NOT long after she moved into the medieval Tuscan rectory owned by her friend Penelope Jardine, Muriel Spark leaned out of her window and saw her companion toiling away below, clearing boulders from the wilderness of fruit trees and olives that surrounded the ramshackle house.

"When you've finished playing in the garden," said Spark, "would you mind coming in and making me a cup of tea?"

Jardine can now laugh at the memory, but at the time it must have been a little galling. In all the years Spark shared her home, she never so much as plucked a dandelion or daisy, though a glass of wine on the roof terrace overlooking their idyllic grounds was a perfectly acceptable end to the day. It was not that Spark did not like gardens - she loved them - but that they were for sitting in and admiring, not grubbing around on hands and knees. Her sole contribution to the outdoor demesne was to buy Jardine a sit-on lawnmower the size of a Sherman tank, and almost as alarming.

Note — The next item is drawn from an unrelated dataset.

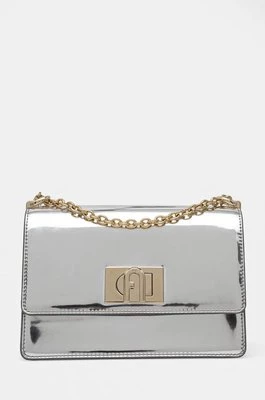 Furla torebka kolor srebrny BAFKACO.BX2052.Y3000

For many novelists and poets, writing usually wins over weeding. Virginia Woolf was not the first to use a hut at the bottom of the garden in which to write (in her case the term summer house might be more accurate), and while she had an affinity with the land around her, for her contemporary equivalent - the likes, say, of Philip Pullman and David Almond - one suspects the piece of land attached to their house is interesting primarily as a space in which to build a water-tight office where they can work undisturbed by cold callers and family. Not for them the habits of Sir Walter Scott who, when his gardener tapped on the window of a morning, would put his head outdoors to check the weather, then set off to help prune and plant trees on his Abbotsford estate, sometimes until day's end.

It is those such as Scott on whom Jackie Bennett focuses in her lavishly illustrated book The Writer's Garden. A TV producer turned gardening columnist, she picks out some of the finest gardens kept or created by the more green-fingered of Britain's most celebrated writers over the past two centuries. In so doing, she tries to tease out the connection between those such as Beatrix Potter and Laurence Sterne, who paid as much attention to leafy plots as to the literary sort, and the influence of their passion for plants and trees on their work.

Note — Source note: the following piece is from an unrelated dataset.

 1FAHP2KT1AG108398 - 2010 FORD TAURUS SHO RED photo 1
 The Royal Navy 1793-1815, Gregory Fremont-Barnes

To be fair, the link is tenuous in several of the instances cited here. For instance, the word "gardener" is hardly suitable, Bennett concedes, for Robert Burns, whose miserable farm at Ellisland in Ayrshire helped make him ill and dragged him into debt. As she writes: "it was probably Jean or one of the helpers who dug the vegetable plot and grew a few flowers for the table. He did, however, understand country life from first-hand experience, and gardening was part and parcel of that life. It was at Ellisland that he composed The Gard'ner wi' His Paidle, in which he shows his emotion for those who worked the land."

Ellisland might have been couthy, but there was nothing inspirational about it except in the widest sense. In common with writers before and since, Burns wrote about that which was in front of his nose, be it a mouse startled from its nest by a plough or an injured hare. But had anyone suggested that the red red rose of which he wrote so sweetly had been tended by his own hand, in some flowery arbour or window box, he would have been astonished.

The discrepancy between Burns's unrewarding piece of land and that of his near contemporary, Scott - the only two Scots in the book, incidentally - could not be starker. Though the Wizard of the North ended up in as poor a state of finances and health as his Ayrshire compatriot, and his story as tragic, the house and gardens Scott created on the banks of the Tweed near Melrose were incomparable in grandeur and beauty. And while there is no doubt that, like Burns and others, the novelist drew heavily on a lifelong passion for the countryside, it seems that in his design of his outdoor space at Abbotsford, with its walled kitchen garden, formal walks and woodlands, Scott was mimicking the taming process of literature, which imposes order where there might otherwise be meadowland or unploughed fields, and gives shape and borders to nature's unchecked exuberance.

One wonders if, in fact, those writers who devoted themselves to gardens were not so much inspired by them as nurtured, the men and women poets and novelists who planted azaleas and anemones as did Potter or cultivated orchids like Roald Dahl, merely a human form of the vegetation, as much in need of watering and sun, and being kept clear of weeds, albeit in a metaphorical sense. Perhaps for these literary figures, a garden was as much refuge as wellspring. That was indubitably the case for Rudyard Kipling, who moved to a splendid 17th-century mansion in the Sussex Weald after the death of his six-year-old daughter which, coupled with the pressures of fame, made public life intolerable. The first British writer to win the Nobel Prize for literature, he put the £7700 cheque that came with this honour towards improving the garden, which became one of the loveliest Edens in the country. Nor was Kipling a hands-off cultivator, as his often quoted poem The Glory Of The Garden suggests: "Our England is a garden, and such gardens are not made, by singing: - 'Oh how beautiful!' and sitting in the shade."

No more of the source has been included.